> Data block
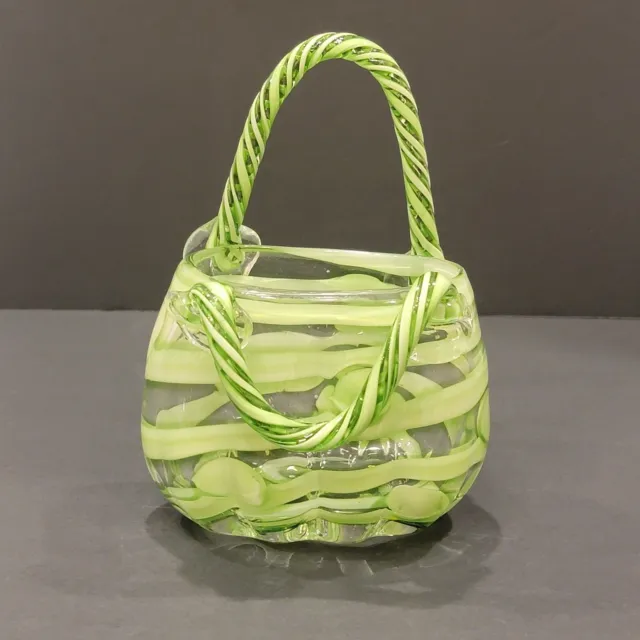 Art Glass Purse.  Murano Style. Hand Blown, Green Striped Vase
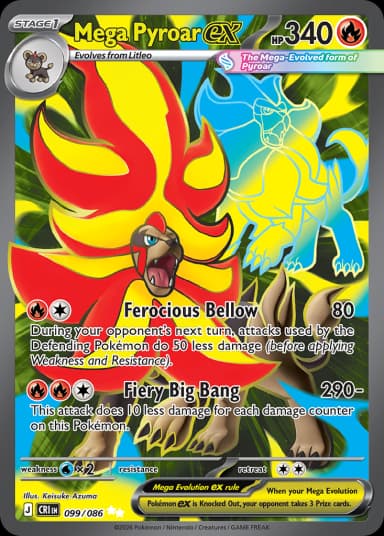 Carta Mega Pyroar ex 99/122 do set Chaos Rising — Pokémon TCG | Bynx
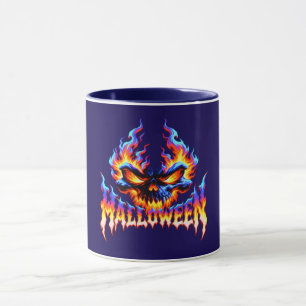 Feuriges Totenkopf-Halloween-Flammendesign Tasse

> Task instructions
Without the pictures, retype all of the data above exactly.

> Solution to this problem
 Art Glass Purse.  Murano Style. Hand Blown, Green Striped Vase
 Carta Mega Pyroar ex 99/122 do set Chaos Rising — Pokémon TCG | Bynx
 Feuriges Totenkopf-Halloween-Flammendesign Tasse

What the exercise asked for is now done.